Orion: Mommy's tits leaked all over it!


  Hahahahahahaahaha...

The other day I was in Xavier's room and I asked him if it was ok if I nursed Isabella in there. He said, "Yeah, just don't leak milk on my bed"...Hahaha.

Last night I had been feeding her and he wanted a bowl of cereal. I was holding her in one arm, and using the other to get things out to make cereal. All the while I was unaware that one half of my shirt was hiked up with my nursing bra unhooked. Xavier says, with a serious expression, "XYB Mom."

FS:
Oh the joys of motherhood! Mine are used to seeing me in my undies too....they all get a kick out of taking turns looking all aghast and exclaiming...then pardoning themselves in a dramatic fashion.....scandalous!


Too funny! I'm telling ya, our kids would get along great, ahahahaha. My boys are the same way. You guys sound like a lot of fun.



on Jan 20, 2007
not just the women with supermodel bodies!


Ah, yeah, seen one naked super model body, seen 'em all.
on Jan 20, 2007
Ah, yeah, seen one naked super model body, seen 'em all.


But strangely you can't stop looking.   

~Zoo
on Jan 24, 2007
My own husband cant stand seeing me naked...I think the rest of the men here would hurl as well. So take that! lol
on Jan 24, 2007
My own husband cant stand seeing me naked


Marcie, I really hope you're joking.
on Jan 24, 2007
But strangely you can't stop looking.


Kind of like a car accident?   
on Jan 24, 2007
Kind of like a car accident?


Yep, but a lot easier on the eyes.

~Zoo
on Jan 24, 2007
Maso:
Ah, yeah, seen one naked super model body, seen 'em all.


Hehe. Good point! Lovely, but very homogeneous.

Zoo:
But strangely you can't stop looking.


LOL.

Marcie:
My own husband cant stand seeing me naked...I think the rest of the men here would hurl as well. So take that! lol


Aww, honey, don't say that! Guys like looking at naked chicks, period. Haha.

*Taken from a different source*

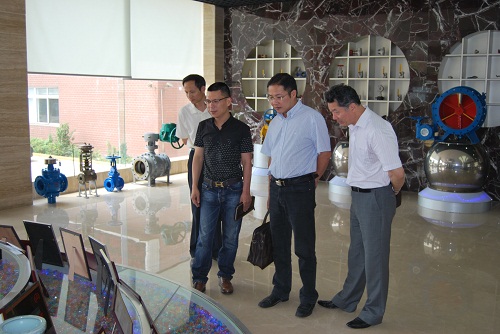 中共嘉定區委統戰部副部長、區統戰部機關黨總支書記甘永康同志在上海滬工閥門廠視察工作(圖 2)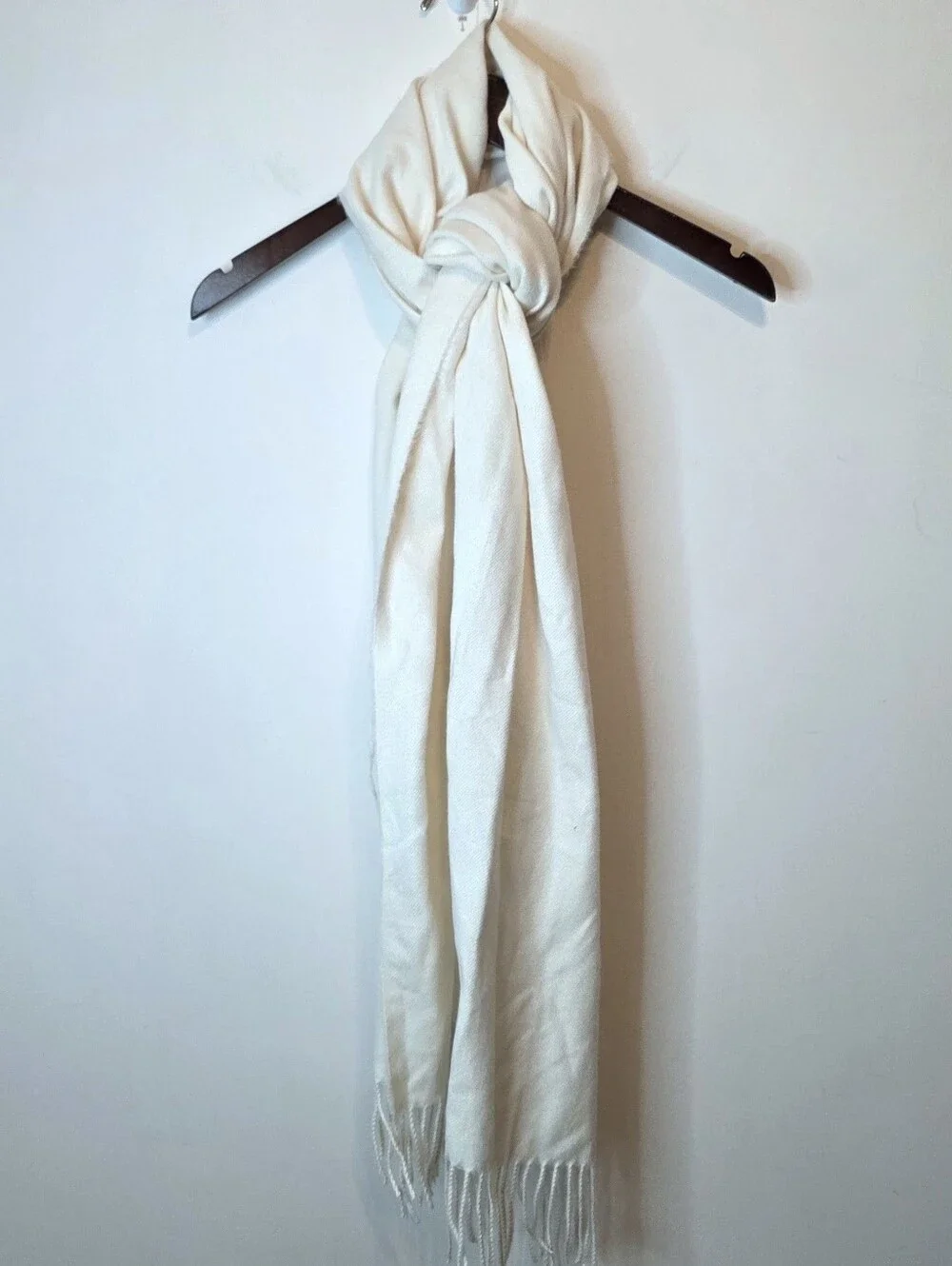 Liz Claiborne Crema Heather Fringed Scarf Pashmina Wrap Shawl Scarf Soft Cozy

Seriously, though, he wouldn't be having sex with you if he didn't find you physically attractive. Don't be so hard on yourself! You don't have to be a size 2 to be sexy.

Tova:
Marcie, I really hope you're joking.


  Me too. That makes me sad.

momijiki:
Kind of like a car accident?


A really tan, angular car accident! Hahahaha.

Zoo:
Yep, but a lot easier on the eyes.


Such a naughty boy. I hope your school work isn't suffering with all that supermodel ogling that's going on! LOL.